TL;DR

R&W insurance transfers indemnification risk from seller to insurer. It has become standard in mid-market M&A, enabling sellers to achieve cleaner exits and buyers to pursue claims without damaging the post-closing relationship.

What Is R&W Insurance?

R&W insurance transfers the risk of seller representation breaches from the seller to an insurance company. Instead of pursuing the seller for breaches, the buyer claims against the insurance policy.

How R&W Insurance Works

Buy-side policy (most common): Buyer purchases the policy. Claims against insurance, not seller.

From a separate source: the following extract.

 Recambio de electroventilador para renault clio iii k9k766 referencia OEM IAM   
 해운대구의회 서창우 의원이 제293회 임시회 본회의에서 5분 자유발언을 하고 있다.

Coverage: Unknown breaches of seller representations, losses from post-closing breaches, defense costs

Exclusions: Known breaches (disclosed in data room), forward-looking statements, fraud, certain regulatory matters

Key Policy Terms

  • Retention (deductible): Typically 1% of enterprise value, stepping down to 0.5% after 12 months
  • Policy limit: Typically 10–20% of enterprise value
  • Premium: Typically 2–4% of the policy limit (0.2–0.8% of enterprise value)
  • Policy period: 3 years for general reps. 6 years for fundamental reps and tax

When R&W Insurance Makes Sense

  • Transactions above $20M enterprise value
  • Private equity-backed transactions (PE sellers want clean exits)
  • Competitive auction processes
  • When seller wants to distribute proceeds immediately post-closing

Impact on Deal Dynamics

  • Sellers can negotiate lower escrow amounts (or no escrow)
  • Sellers can distribute proceeds to shareholders immediately post-closing
  • Buyers have a creditworthy counterparty for indemnification claims
  • Post-closing relationships are less adversarial

Key Takeaways

Key Takeaways
  • R&W insurance transfers indemnification risk from seller to insurer.
  • Buy-side policies are most common — buyer claims against the policy, not the seller.
  • Retention is typically 1% of EV; policy limit is 10–20% of EV; premium is 2–4% of limit.
  • R&W insurance enables sellers to achieve cleaner exits with lower escrow requirements.
  • Most commonly used in transactions above $20M enterprise value.